HOW TO COMPLETE THIS TASK :: Would you return the lines between the one holding "This is a three-segment" and the one holding "How to use Windows", inclusive, and only those, exactly as they stand in the listing below?

AVAILABLE RECORDS ::
•••
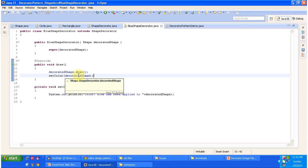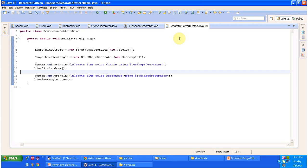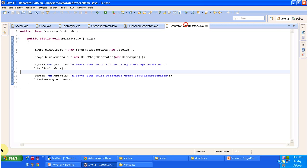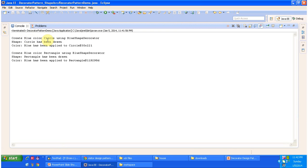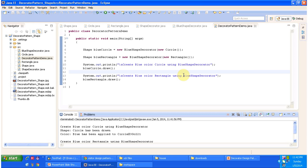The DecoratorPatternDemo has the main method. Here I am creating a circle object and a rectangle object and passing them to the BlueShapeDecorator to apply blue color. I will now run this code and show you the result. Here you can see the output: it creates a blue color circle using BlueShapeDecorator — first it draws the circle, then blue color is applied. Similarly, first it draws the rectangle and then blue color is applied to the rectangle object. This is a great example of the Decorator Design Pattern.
•••
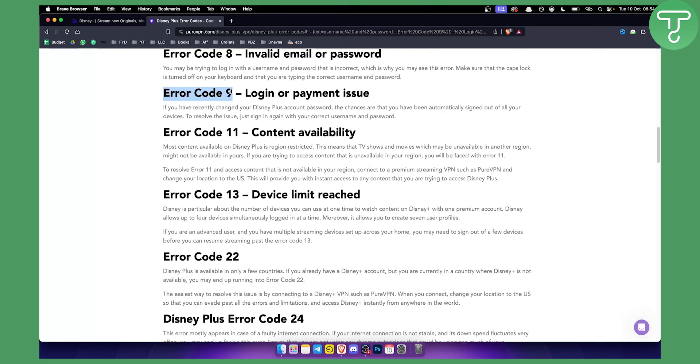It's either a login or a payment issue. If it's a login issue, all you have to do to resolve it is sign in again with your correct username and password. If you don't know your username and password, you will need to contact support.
•••
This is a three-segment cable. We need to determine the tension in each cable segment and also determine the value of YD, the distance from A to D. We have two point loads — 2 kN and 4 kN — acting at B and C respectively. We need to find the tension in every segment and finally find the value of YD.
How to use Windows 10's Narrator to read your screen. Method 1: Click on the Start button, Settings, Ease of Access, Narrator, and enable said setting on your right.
•••
OUTPUT BELOW ::
This is a three-segment cable. We need to determine the tension in each cable segment and also determine the value of YD, the distance from A to D. We have two point loads — 2 kN and 4 kN — acting at B and C respectively. We need to find the tension in every segment and finally find the value of YD.
How to use Windows 10's Narrator to read your screen. Method 1: Click on the Start button, Settings, Ease of Access, Narrator, and enable said setting on your right.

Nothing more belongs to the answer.